Short web captions
__________

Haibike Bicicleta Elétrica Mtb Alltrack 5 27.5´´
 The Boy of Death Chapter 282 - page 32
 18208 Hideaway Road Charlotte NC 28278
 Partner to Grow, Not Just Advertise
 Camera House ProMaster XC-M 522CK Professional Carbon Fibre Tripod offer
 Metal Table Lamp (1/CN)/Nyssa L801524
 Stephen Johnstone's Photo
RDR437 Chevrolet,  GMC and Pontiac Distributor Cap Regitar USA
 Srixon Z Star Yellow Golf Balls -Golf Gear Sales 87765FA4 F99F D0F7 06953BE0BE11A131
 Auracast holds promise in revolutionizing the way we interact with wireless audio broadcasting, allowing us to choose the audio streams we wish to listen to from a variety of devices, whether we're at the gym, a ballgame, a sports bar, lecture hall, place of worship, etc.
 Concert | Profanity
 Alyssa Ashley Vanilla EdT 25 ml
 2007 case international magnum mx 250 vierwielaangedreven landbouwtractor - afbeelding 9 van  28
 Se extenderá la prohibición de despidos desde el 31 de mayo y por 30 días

__________

Could you retype exactly the lines from the one containing "Stephen Johnstone's Photo" through the final line of the data above, and no others?

 Stephen Johnstone's Photo
RDR437 Chevrolet,  GMC and Pontiac Distributor Cap Regitar USA
 Srixon Z Star Yellow Golf Balls -Golf Gear Sales 87765FA4 F99F D0F7 06953BE0BE11A131
 Auracast holds promise in revolutionizing the way we interact with wireless audio broadcasting, allowing us to choose the audio streams we wish to listen to from a variety of devices, whether we're at the gym, a ballgame, a sports bar, lecture hall, place of worship, etc.
 Concert | Profanity
 Alyssa Ashley Vanilla EdT 25 ml
 2007 case international magnum mx 250 vierwielaangedreven landbouwtractor - afbeelding 9 van  28
 Se extenderá la prohibición de despidos desde el 31 de mayo y por 30 días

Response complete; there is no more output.